DATA EXTRACT: Begin

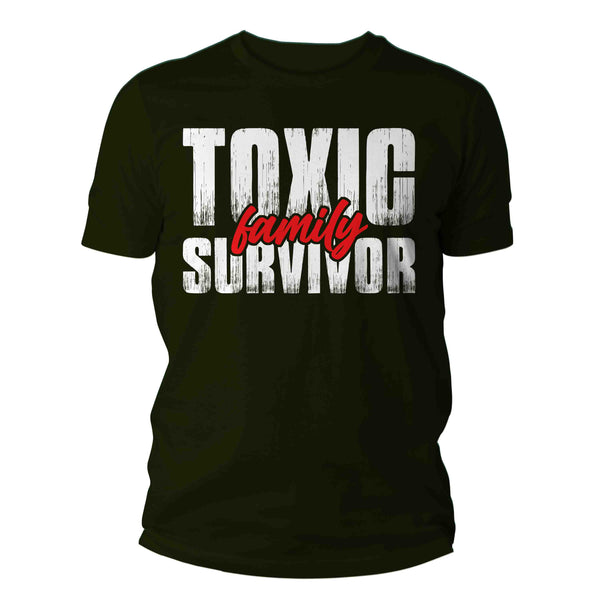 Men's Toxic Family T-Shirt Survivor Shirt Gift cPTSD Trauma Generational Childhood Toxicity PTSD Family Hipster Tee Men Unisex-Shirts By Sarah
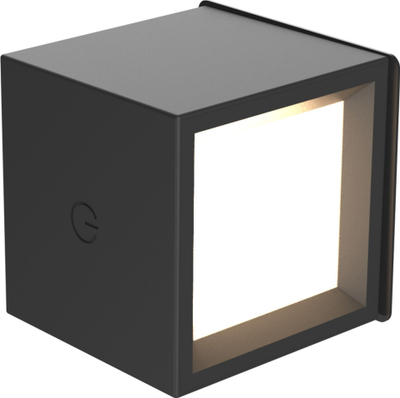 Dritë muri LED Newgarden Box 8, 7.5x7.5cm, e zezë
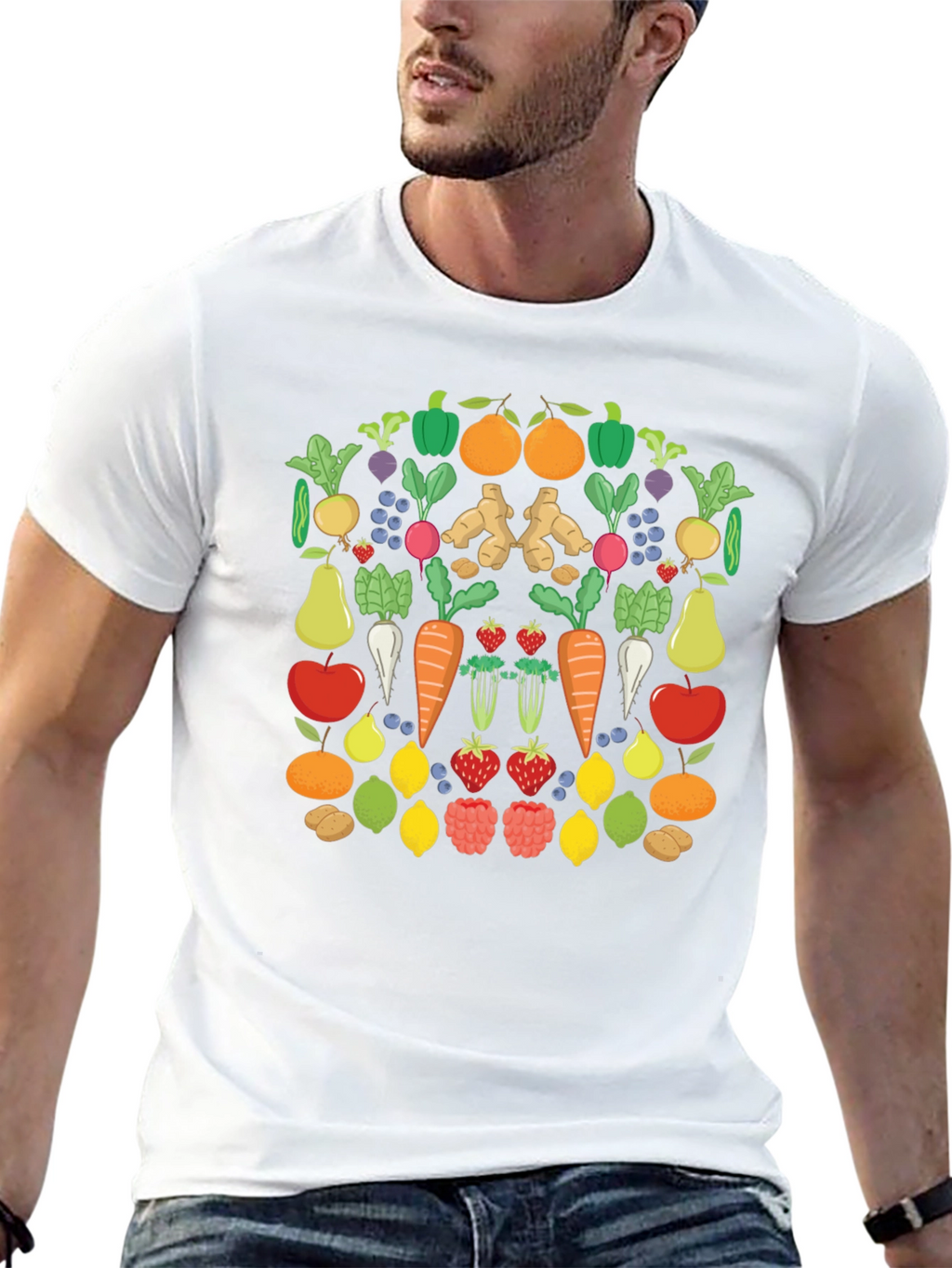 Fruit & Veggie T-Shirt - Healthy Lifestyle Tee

DATA EXTRACT: End

> _ABOUT THIS EXERCISE_
Repeat the lines above precisely and skip every picture.

> _ANSWER SPACE_
 Men's Toxic Family T-Shirt Survivor Shirt Gift cPTSD Trauma Generational Childhood Toxicity PTSD Family Hipster Tee Men Unisex-Shirts By Sarah
 Dritë muri LED Newgarden Box 8, 7.5x7.5cm, e zezë
 Fruit & Veggie T-Shirt - Healthy Lifestyle Tee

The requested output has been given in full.